MEM_TRANS_RETIRED.LOAD_LATENCY_GT* unexpected results.

MEM_TRANS_RETIRED.LOAD_LATENCY_GT* unexpected results.

Aram S.'s picture

Hi all,

I am trying to use VTune Amplifier (Linux version) to profile memory access latency. I was using it to get familiar with it by profiling a toy program that just loads a big array of data. I use the command line version like this.

amplxe-cl -collect-with runsa -knob event-config=MEM_TRANS_RETIRED.LOAD_LATENCY_GT_32,MEM_TRANS_RETIRED.LOAD_LATENCY_GT_64 ./load The result I get is the following.

============================================================================

CPU
---
Parameter          r000runsa                      
-----------------  -------------------------------
Name               Intel(R) Xeon(R) E5v2 processor
Frequency          2394229995                     
Logical CPU Count  48                             

Summary
-------
Elapsed Time:  7.757
CPU Usage:     1.000

Event summary
-------------
Hardware Event Type                   Hardware Event Count:Self  Hardware Event Sample Count:Self  Events Per Sample
------------------------------------  -------------------------  --------------------------------  -----------------
CPU_CLK_UNHALTED.REF_TSC                            18538027807                              9269  2000003          
MEM_TRANS_RETIRED.LOAD_LATENCY_GT_32                          0                                 0  100007           
MEM_TRANS_RETIRED.LOAD_LATENCY_GT_64                      24036                                 6  2003             
amplxe: Executing actions 100 % done

=======================================================================

From the explanation of the MEM_TRANS_RETIRED.LOAD_LATENCY_GT_* events, the count of *_GT_32 must be greater that *_GT_64. In this case it is not, and this behavior is reproducible.

I checked the errata published at the specification update and stumbled upon the paragraph BT241 which mentions that "The affected events may undercount, resulting in inaccurate memory profiles" and the list of events contains MEM_TRANS_RETIRED.LOAD_LATENCY.

Can somebody explain why the count of  MEM_TRANS_RETIRED.LOAD_LATENCY_GT_32 is less than MEM_TRANS_RETIRED.LOAD_LATENCY_GT_64 please?

Thank you,

Best Regards, ARam

10 posts / 0 new
Last post
For more complete information about compiler optimizations, see our Optimization Notice.
Peter Wang (Intel)'s picture

Hardware Event Type                   Hardware Event Count:Self  Hardware Event Sample Count:Self  Events Per Sample
------------------------------------  -------------------------  --------------------------------  -----------------
CPU_CLK_UNHALTED.REF_TSC                            18538027807                              9269  2000003          
MEM_TRANS_RETIRED.LOAD_LATENCY_GT_32                          0                                 0  100007           
MEM_TRANS_RETIRED.LOAD_LATENCY_GT_64                      24036                                 6  2003             

Is it possible due to bigger SAV of MEM_TRANS_RETIRED.LOAD_LATENCY_GT_32? It only has 6 samples for MEM_TRANS_RETIRED.LOAD_LATENCY_GT_64,  0 sample for MEM_TRANS_RETIRED.LOAD_LATENCY_GT_32.

Recommend to try:

amplxe-cl -collect-with runsa -knob event-config=MEM_TRANS_RETIRED.LOAD_LATENCY_GT_32:sa=2000,MEM_TRANS_RETIRED.LOAD_LATENCY_GT_64:sa=2000 ./load

 

Aram S.'s picture

Peter thank you for your response.

I wasn't aware about this sample-after-value parameter.
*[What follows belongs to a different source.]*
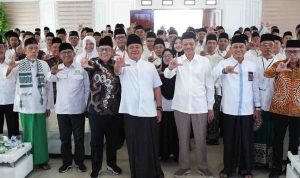 Gubernur Sumatera Selatan (Sumsel) Dr. H. Herman Deru menghadiri sekaligus memberikan pembekalan pada Pembukaan Pendidikan Dasar–Pendidikan Kader Penggerak Nahdlatul Ulama (PD-PKPNU) Angkatan II yang diselenggarakan Pengurus Wilayah Nahdlatul Ulama (PWNU) Sumsel di Balai Diklat Keagamaan Palembang, Jumat (29/5/2026). Foto: Humas Pemprov Sumsel.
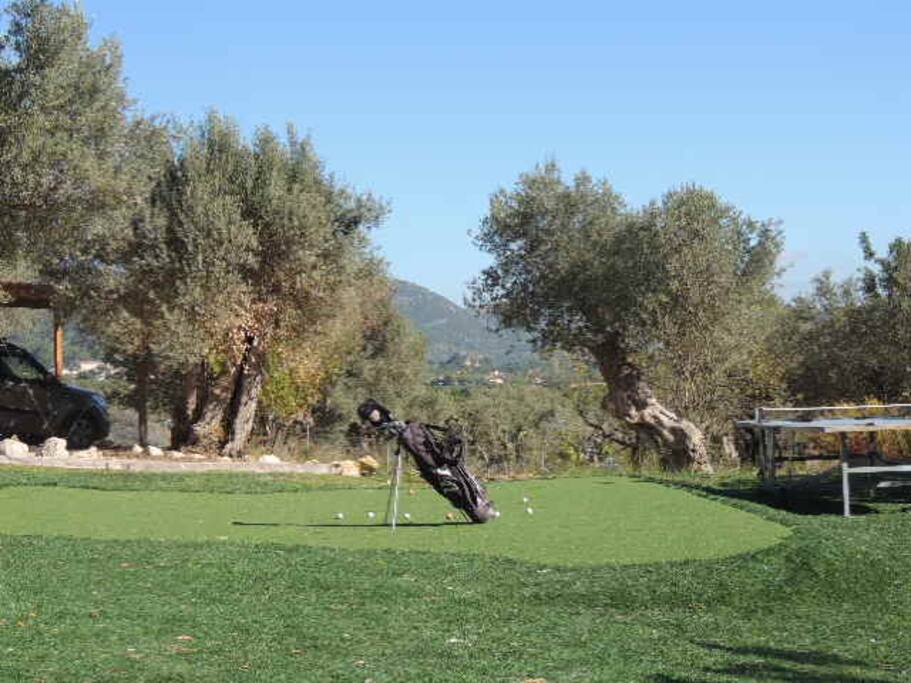 vista del green de prácticas con tres hoyos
A high default SAV number indeed explains why GT_32 is 0.

I tried your recommendation and the results are:

Event summary
-------------
Hardware Event Type                   Hardware Event Count:Self  Hardware Event Sample Count:Self  Events Per Sample
------------------------------------  -------------------------  --------------------------------  -----------------
CPU_CLK_UNHALTED.REF_TSC                            19358029037                              9679  2000003          
MEM_TRANS_RETIRED.LOAD_LATENCY_GT_32                      88000                                22  2000             
MEM_TRANS_RETIRED.LOAD_LATENCY_GT_64                      12000                                 3  2000             
amplxe: Executing actions 100 % done                                           

Much better. However I would expect the total number of events to be samples * events_per_sample. However the number I get

is two times more. Why is that?

Thanks.

Peter Wang (Intel)'s picture

I explained to you why MEM_TRANS_RETIRED.LOAD_LATENCY_GT_32 count was zero, due to its SAV = 100007, no sample was captured - it didn't mean event didn't occur...
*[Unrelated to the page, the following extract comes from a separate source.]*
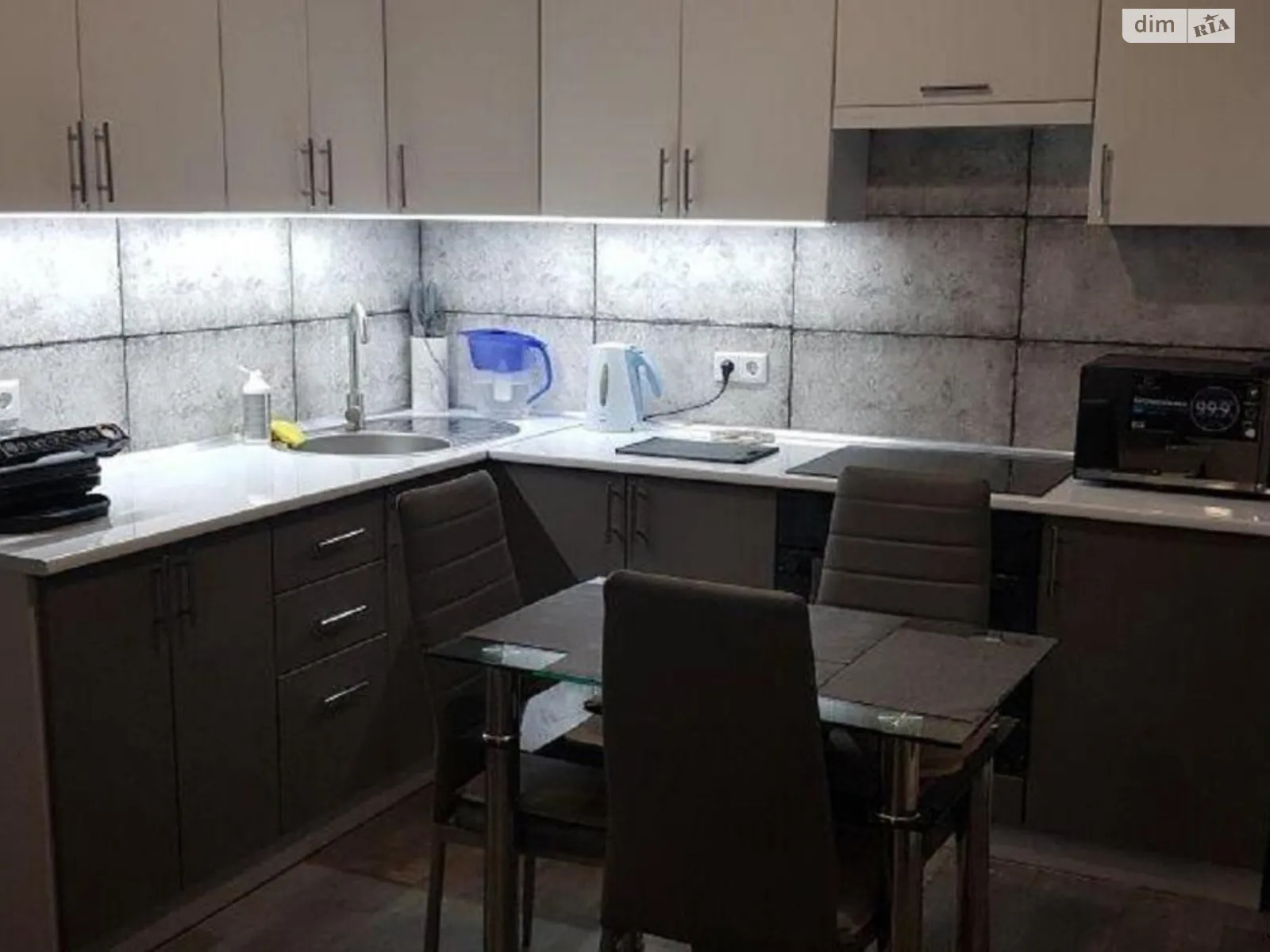 Продається 2-кімнатна квартира 47 кв. м у Харкові, вул. Миру - фото 1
You have good question - why their counts = 2 * SAV * samples. I think that the reason was - sometime two events occurred at same time, but VTune can only record one event at a time. If you profile their events separately - you will get "counts = SAV * samples".  

Aram S.'s picture

Hi  Peter,

I wrote

"A high default SAV number indeed explains why GT_32 is 0."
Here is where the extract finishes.